Le 27 juin 2026, le gouvernement a adopté la Résolution no 168/NQ-CP relative aux objectifs de croissance des provinces et des villes pour l'année 2026 ainsi que pour la période 2026-2030. Ce texte fixe des objectifs de GRDP propres à chaque territoire afin de concrétiser l'ambition d'une croissance économique à deux chiffres.
Hai Phong et Quang Ninh enregistrent les objectifs de croissance les plus élevés du pays, avec un GRDP fixé à 13 %. Bac Ninh suit avec un objectif de 12,5 %. Phu Tho, Ninh Binh, Thanh Hoa, Hung Yen, Da Nang, Nghe An, Thai Nguyen et Dien Bien se voient quant à eux attribuer des objectifs compris entre 11 % et 12 %.
Les deux principaux moteurs économiques du pays bénéficient également d'objectifs ambitieux : 11 % pour Hanoï et 10,2 % pour Ho Chi Minh-Ville.
À l'autre extrémité du classement, quatre provinces affichent des objectifs de croissance inférieurs à 10 % : Son La (8 %), Dong Thap (8,21 %), Quang Ngai (9 %) et Gia Lai (9,01 %).
Dans une interview accordée au journal Mekong ASEAN, le Dr Le Duy Binh, directeur d'Economica Vietnam, souligne que l'année 2026 ouvre un nouveau cycle de croissance destiné à poser les bases d'un développement à la fois rapide et durable. Elle marque également le lancement d'une trajectoire visant à sortir durablement le Vietnam du piège du revenu intermédiaire, à restructurer son économie et à accélérer sa transition vers un modèle de croissance davantage fondé sur la science, la technologie, l'innovation et la productivité globale des facteurs, le capital humain devant en constituer le principal moteur.

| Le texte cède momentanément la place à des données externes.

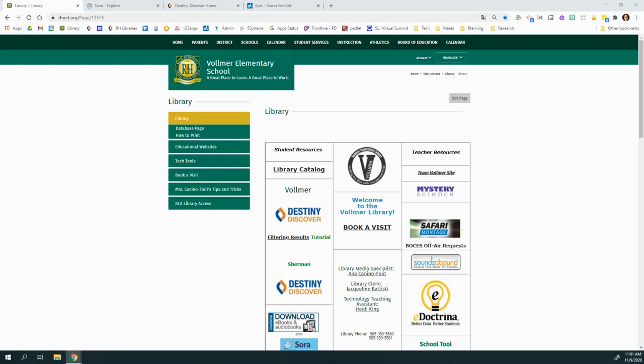Now, here in our library links, we have a first place that lets you see books. So if you're looking for a book, either a physical book you can check out or an ebook, I would start with Destiny Discover.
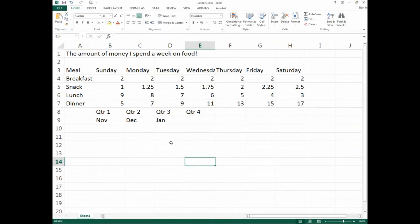Hi there YouTube, welcome back. This is Sebastian from SDC Canada and we are looking at Excel 2013 Lesson 1.2. In this lesson we are going to continue from where we left off with the first lesson, and we will be looking at the formula bar, auto sum feature, insert functions, and basic formulas.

Selon lui, le processus de fusion et de réorganisation administrative des provinces et des villes ouvre de nouvelles perspectives de développement en renforçant les synergies entre les territoires. La période actuelle offre ainsi une occasion favorable de tirer pleinement parti de ces nouveaux espaces de croissance.
L'attribution d'objectifs précis constitue un levier essentiel pour responsabiliser davantage les administrations locales, améliorer leur gouvernance et renforcer leur obligation de rendre compte. Cette démarche est également susceptible de stimuler la concurrence entre les territoires afin d'améliorer le climat des affaires et d'opérer une transformation profonde de l'action publique, qui passerait d'une logique essentiellement administrative à une logique de service au bénéfice des citoyens et des entreprises.
Pour accompagner cette nouvelle approche de la gouvernance, l'expert estime qu'une refonte des critères d'évaluation de la croissance est devenue indispensable. Selon lui, le principal indicateur de performance des autorités locales devrait être le niveau de satisfaction des citoyens et des entreprises. Le GRDP ne constitue qu'un indicateur parmi d'autres ; l'objectif ultime demeure une croissance de qualité et un développement durable.
Le Dr Le Duy Binh préconise enfin la mise en place d'un nouveau système d'évaluation des performances des provinces et des villes, permettant de dépasser une approche exclusivement centrée sur la croissance quantitative. Outre le rythme de croissance, ce dispositif devrait s'articuler autour de deux piliers fondamentaux : la capacité économique, incluant notamment le climat des affaires, le développement du secteur privé, les infrastructures et les ressources humaines, et la qualité de vie, qui recouvre la santé, l'éducation, la culture ainsi que la protection de l'environnement.